The approaches and tools used in such studies depend on the spatial scale/scope of the application [93]. For large-scale applications, satellite imagery appears to be an indispensable tool, as it can provide consistent, although intermittent, observations of the shoreline variability and seabed bathymetry and habitats [94], especially when the data availability from a wide range of EO platforms and sensors is considered. However, the spatial resolution and the fact that satellite observations are dependent on the environmental conditions present at the time of their acquisition create several challenges, particularly in small-scale studies that require information of high resolution and accuracy. Thus, a major issue emerges when considering the dynamic nature of the wider coastal environment and its short-term variability, which is very difficult to monitor, since remote sensing techniques offer only instant time snapshots without being able to offer a continuous picture of the coastal terrain over time [38]. Therefore, beach modifications in the intervening periods are not captured, and frequent changes occurring along the coastal areas cannot easily/safely be interpreted, leading to misleading interpretations of the prevailing processes. Beach optical monitoring systems may serve the needs of continuous detection in high precision topography and shoreline changes, but only along spatially restricted stretches of beaches [94,95]. On the other hand, only repeated aerial and marine sensing surveys, either seasonal or before and after storm events (when considering morphodynamic monitoring), can produce comparable but timely intermittent and costly mapping products.

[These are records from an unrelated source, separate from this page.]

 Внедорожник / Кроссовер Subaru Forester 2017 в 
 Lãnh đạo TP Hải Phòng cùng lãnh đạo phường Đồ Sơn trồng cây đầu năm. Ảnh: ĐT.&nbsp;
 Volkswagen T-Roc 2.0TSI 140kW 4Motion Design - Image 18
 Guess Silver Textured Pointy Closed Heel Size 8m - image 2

In the present study, a “holistic” approach was employed. Information from a wide range of remote sensing approaches/tools were utilized to produce high resolution/accuracy maps of both the onshore and inshore parts of Coral Bay. A comparison of DEMs generated using a series of observations from satellite and UAV-mounted sensors, over an almost one-year period, provided clear evidence of beach modifications (i.e., shoreline and elevation changes), highlighting the dynamic nature of coastal processes. Significant beach elevation changes were observed during the more energetic winter–early spring period; nevertheless, there has been also evidence of a tendency for beach recovery during the time of observations. The repeated topographic observations also suggested alongshore variability in the patterns of beach accretion and erosion, which corroborated previous studies in the area [38], with beach accretion occurring mostly along the southeastern stretch of the beach and erosion along the northwestern part. These varying beach dynamics emphasize the need for detailed hydrodynamic and morphodynamic modeling, which should be set up (and forced) on the basis of geomorphological information of high resolution and accuracy [38,59]. These results also align with previous research emphasizing the utility of UAV-based monitoring for detecting and quantifying morphological changes [75,96].

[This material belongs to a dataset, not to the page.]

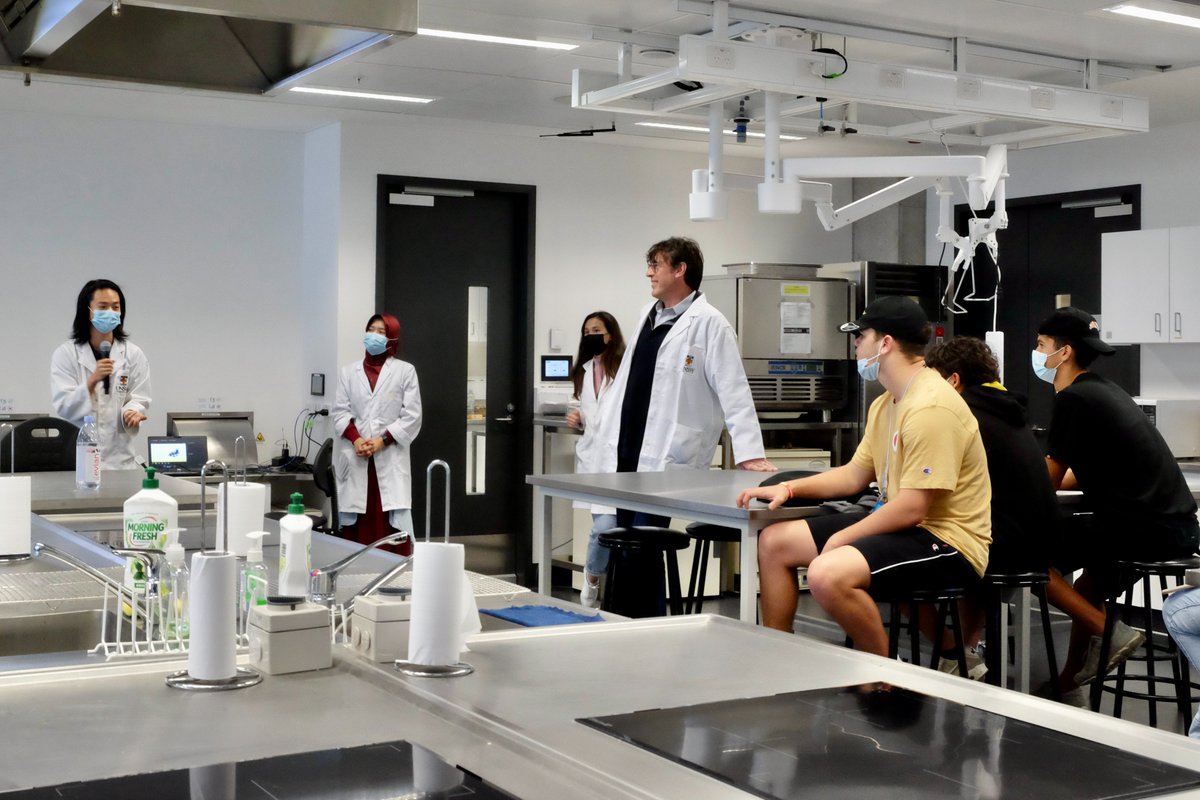 UNSWChemEng's tweet photo. Last week, we were excited to host Indigenous Youth Leaders Program, a program launched by @UNSWIndigenous and Nura Gili to give high school students the opportunity to gain leadership skills and experience.  

https://t.co/4ZVxrlomP1

#UNSW #UNSWChemEng #NuraGili #IndigenousAU https://t.co/ZCe9gVGKFU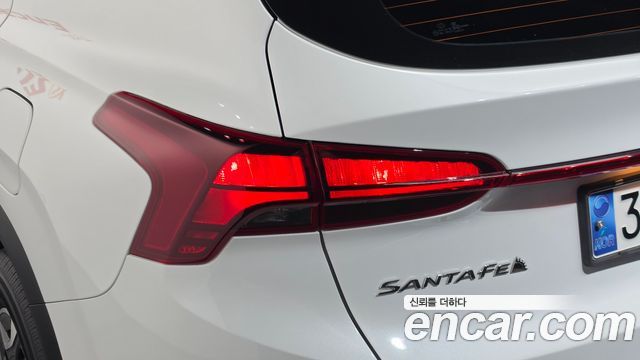 Hyundai Santafe 2022 — photo 9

Repeated TLS surveys along a small part of the sea cliff of the southern promontory bounding Coral Bay revealed a substantial degree of spatiotemporal variability due to erosional processes. They captured fine-scale geomorphological changes, enabling a comprehensive understanding of the cliff dynamics over time. Instabilities were detected to affect the middle to lower part of the central and easternmost part of the sea cliff posing a threat to residential properties at the top of the cliff. Despite the technical measures that have been implemented to mitigate wave-driven erosion, the sea cliff still appears to be under erosion, which might be attributed to other environmental forcing factors, such as pluvial erosion of the loosely consolidated sediments and regional seismic activity [44,97]. These findings are in line with prior studies demonstrating the potential for TLS-based point cloud comparisons to effectively detect fine-scale cliff morphodynamics [44,98,99].

In addition to monitoring the onshore morphology using remote sensing techniques, the study incorporated bathymetric and marine habitat mapping of the inshore area in order to assess the beach dynamic processes in a ‘holistic’, integrated manner. Previous research has demonstrated the efficacy of remote sensing techniques, albeit with several constraints due to various environmental factors [35,100]. These constraints can result in considerable inaccuracies in both bathymetric estimates and the classification of marine habitats. The primary source of error is often related to weather conditions. The presence of suspended fine sediments on the seabed and seasonal turbidity, which is influenced by hydrodynamic conditions, further compromises the accuracy of depth estimations [37,101]. Moreover, atmospheric corrections applied to the satellite images, which serve as the main data source, can introduce additional errors. Accurate atmospheric corrections are essential, as any inaccuracies in this process can significantly affect the reliability of the bathymetric results [102].

Specifically, sunlight reflection had the most pronounced effect, particularly in high-resolution imagery. In shallow water areas, increased surface reflection introduced significant noise, leading to considerable errors in both depth measurements retrieval and benthic classification. Furthermore, turbidity, especially during the winter months, negatively impacted the accuracy of remote sensing results. This effect is likely attributed to reduced water clarity, which prevents the penetration of spectral signals and increases uncertainty in depth estimation and substrate classification.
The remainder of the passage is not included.